Os voos do governo Cid
Setembro bate à porta, mas já deve ter muita gente no Palácio da Abolição torcendo para que 2013 acabe logo. Talvez nem o mais pessimista dos aliados - ou o mais otimista dos opositores - tenha imaginado que o governo Cid Gomes enfrentaria tantos percalços em tão curto período de tempo. Tudo isso a quase um ano da sucessão eleitoral. O caso do buffet requintado ainda nem esfriou e já surge mais uma polêmica com repercussão nacional: a da compra de três helicópteros, por R$ 78 milhões, sem licitação.

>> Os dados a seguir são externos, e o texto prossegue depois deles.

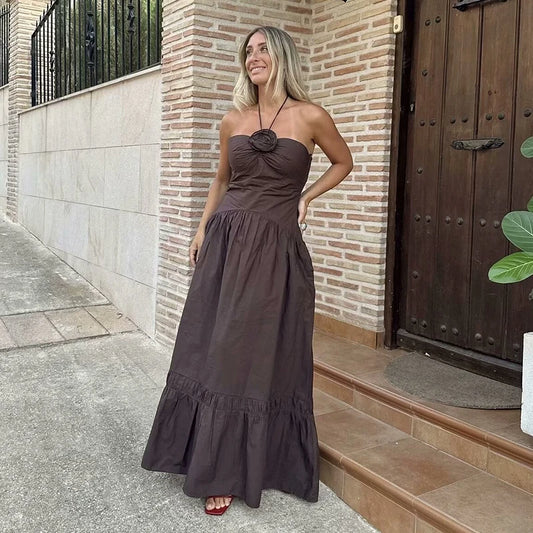 Vestido Maxi "Carmen"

Nem questiono a aquisição em si dos equipamentos. Claro que um Estado precisa estruturar sua frota área, importante para facilitar o deslocamento em casos de emergência, por exemplo. Sem falar que, no futuro, isso deverá representar economia de recursos pois, em tese, o Governo não necessitará mais gastar milhões no aluguel de aeronaves. O que causa espanto é o uso de uma espécie de gambiarra para a obtenção de determinados itens que, pelo alto custo, deveria seguir todo um trâmite administrativo autônomo, respeitando o direito à livre concorrência e abrindo a possibilidade de o poder público adquirir os mesmos aparelhos de aviação por um preço menor.

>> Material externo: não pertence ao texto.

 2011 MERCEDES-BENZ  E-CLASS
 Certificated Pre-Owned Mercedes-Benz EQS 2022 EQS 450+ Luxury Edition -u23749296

Mas não. O Executivo estadual preferiu aproveitar a brecha de um projeto da Secretaria da Ciência, Tecnologia e Educação Superior (Secitece) para embutir compra de helicópteros. Sendo que o contrato com a empresa alemã MLW Intermed - aprovado pela Câmara de Comércio Brasil/Alemanha, pela Assembleia Legislativa do Estado, pelo Senado e pela Secretaria do Tesouro Nacional, segundo o Governo - fala em fornecimento de “equipamentos e instrumentos técnico-científicos e educacionais”. Haja criatividade para inserir aeronaves, que ficarão sob responsabilidade da Secretaria da Segurança, nessa categoria.

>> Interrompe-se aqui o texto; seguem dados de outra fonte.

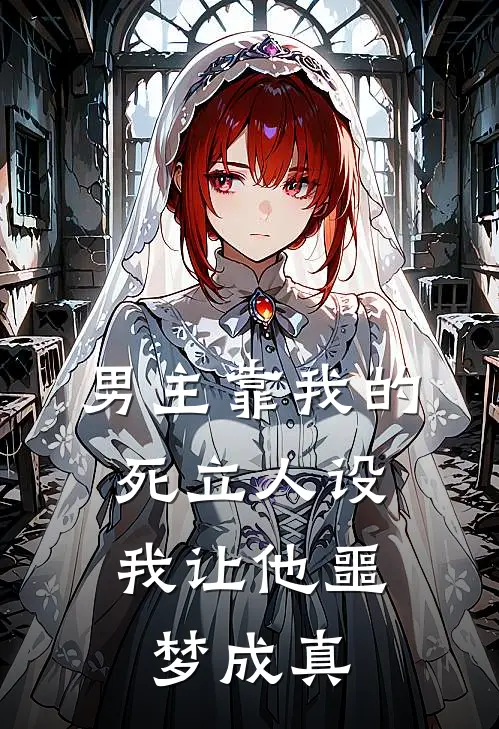 男主靠我的死立人设，我让他噩梦成真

Para deixar o caldo ainda mais grosso, o primeiro helicóptero comprado pelo Estado, de acordo com informações do jornal O Globo, está sendo usado pelo governador Cid Gomes (PSB) para viagens oficiais, o que pode caracterizar um desvio de função, tendo em vista que o extrato de inexigibilidade de licitação é claro ao dizer que o equipamento deve ser utilizado “para fins de operação junto à Secretaria da Ciência, Tecnologia e Educação Superior e Superintendência Estadual de Meio Ambiente”.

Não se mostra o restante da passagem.